INSTRUCTIONS TO FOLLOW> None of the pictures should appear; the lines from the line containing "loli , happy" through the last line of the listing must be repeated exactly.

AVAILABLE DATA>

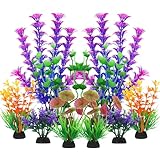 QUOZUO Bunt Aquarium Pflanzen Deko, 10 Stück Aquariumdekor Künstliche Pflanzen fur Aquarium, aquariumpflanzen Dekoration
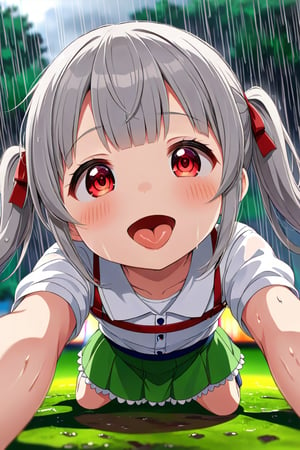 loli , happy face, twintails, gray hair, red_eyes,up_view, rain park, white shirt, green skirt, lying, sticking_out_tongue, 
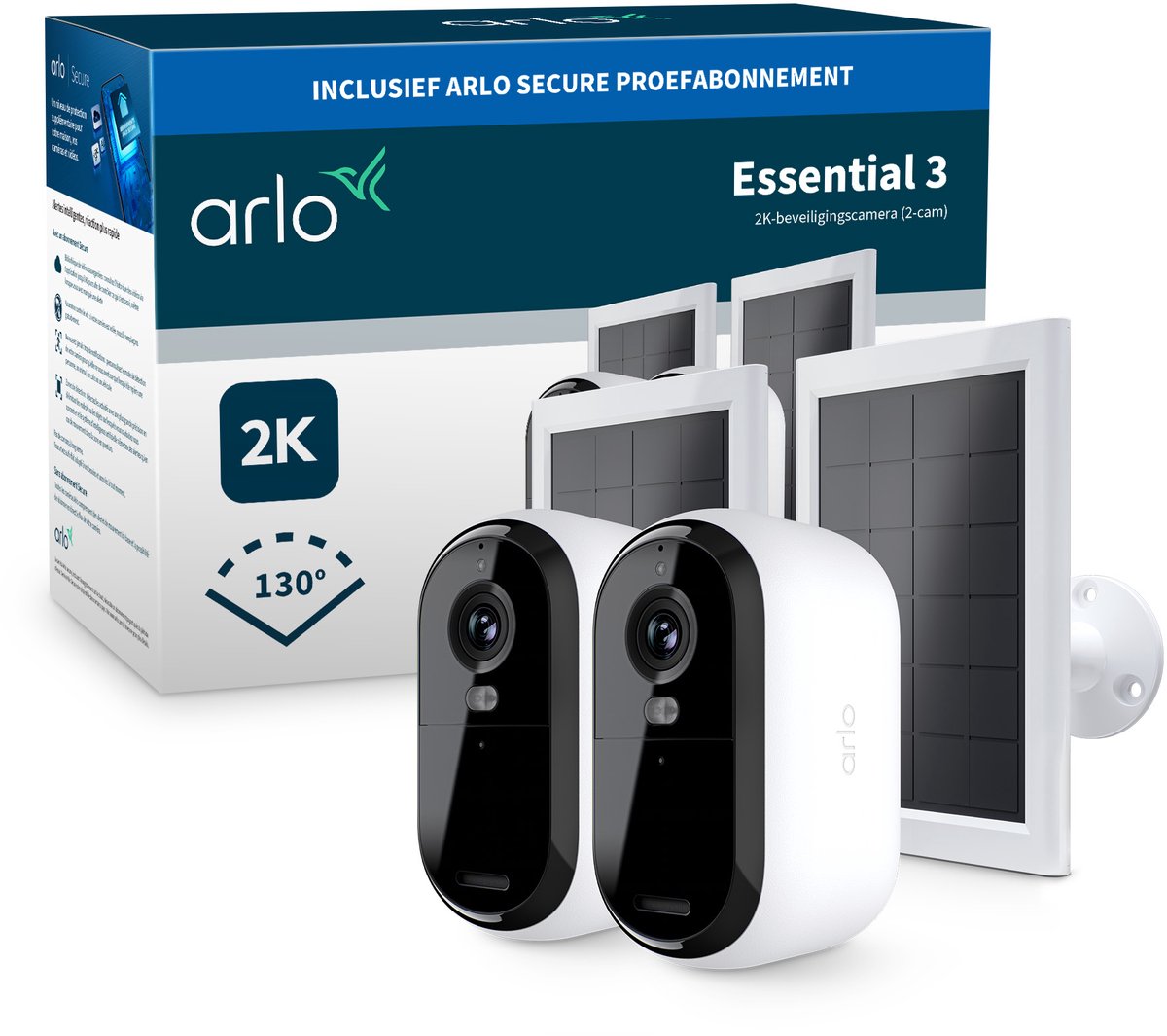 Arlo essential3 2k sikkerhedskamera solpaneler - 2-pak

OUTPUT OF THE EXERCISE>
 loli , happy face, twintails, gray hair, red_eyes,up_view, rain park, white shirt, green skirt, lying, sticking_out_tongue, 
 Arlo essential3 2k sikkerhedskamera solpaneler - 2-pak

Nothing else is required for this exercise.